Question

In Problems 3–6,$\mathit{y}\mathbf{=}\mathbf{1}\mathbf{/}\mathbf{(}{\mathit{x}}^{\mathbf{2}}\mathbf{+}\mathit{c}\mathbf{)}$ is a one-parameter family of solutions of the first-order DE$\mathit{y}\mathbf{\text{'}}\mathbf{+}\mathbf{2}\mathit{x}{\mathit{y}}^{\mathbf{2}}\mathbf{=}\mathbf{0}$. Find a solution of the first-order IVP consisting of this differential equation and the given initial condition. Give the largest interval I over which the solution is defined.

$\mathit{y}\left(0\right)\mathbf{=}\mathbf{1}$

Short answer

The solution of the differential equation is $y=\frac{1}{x^2+1}\text{on}I:(-\infty ,\infty )$.

Step-by-step solution

Definition of Initial Value Problems

The unknown function $y\left(x\right)$and its derivatives at a number $x_0$. On some interval I containing $x_0$the problem of solving an nth-order differential equation subject to n side conditions specified at:

Solve: $\frac{d^{n}y}{d{x}^n}=f(x,y,y\text{'},...,y^{(n-1)})$

Subject to: $y\left(x_0\right)=y_0,y\text{'}\left(x_0\right)=y_1,y^{(n-1)}\left(x_0\right)=y_{(n-1)}.$

Where $y_0,y_1,...,y_{n-1}$are arbitrary constants, is called n-thorder Initial Value Problem (IVP). The values of $y\left(x\right)$and its first n-1 derivatives at $x_0$ $y\left(x_0\right)=y_0,y\text{'}\left(x_0\right)=y_1,y^{(n-1)}\left(x_0\right)=y_{(n-1)}.$ are called Initial Conditions.

Compute the value of c

Given $y=\frac{1}{x^2+c}$

Substitute the initial condition

$y\left(0\right)=1$

$$\begin{gathered} 1=\frac{1}{0^2+c}=\frac{1}{c} \\ c=1 \end{gathered}$$

Substitute the value of c

Substitute the value

$y=\frac{1}{x^2+1}$

The domain of the solution

$D:(-\infty ,\infty )$

Since$x^2$will never be negative, the denominator of the solution will never be equat to 0.

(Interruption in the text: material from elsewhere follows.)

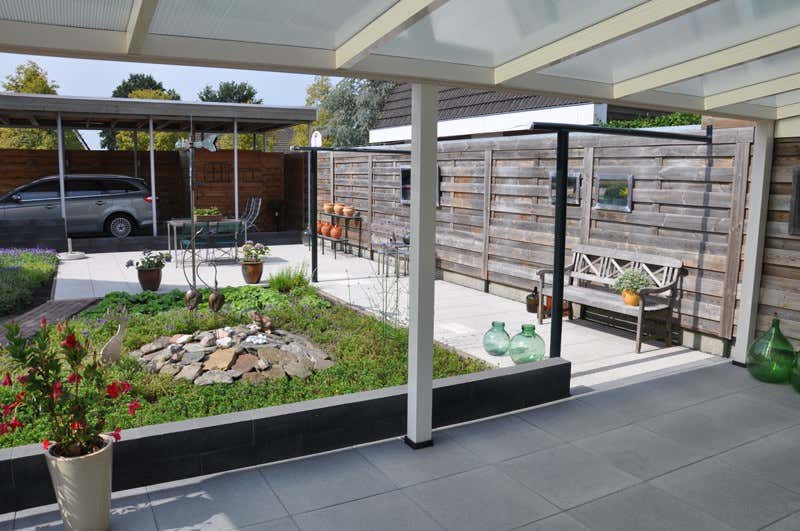 Klant afbeelding: Aluminium terrasoverkapping plat dak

Therefore, the domain of the solution is all real numbers.

Therefore, the largest interval is$I:(-\infty ,\infty )$

Hence, thesolution of the differential equation is$\mathit{y}\mathbf{=}\frac{\mathbf{1}}{{\mathbf{x}}^{\mathbf{2}}\mathbf{+}\mathbf{1}}\mathbf{}\mathbf{}\mathbf{\text{on}}\mathbf{}\mathbf{}\mathit{I}\mathbf{:}\mathbf{(}\mathbf{-}\mathbf{\infty }\mathbf{,}\mathbf{\infty }\mathbf{)}$.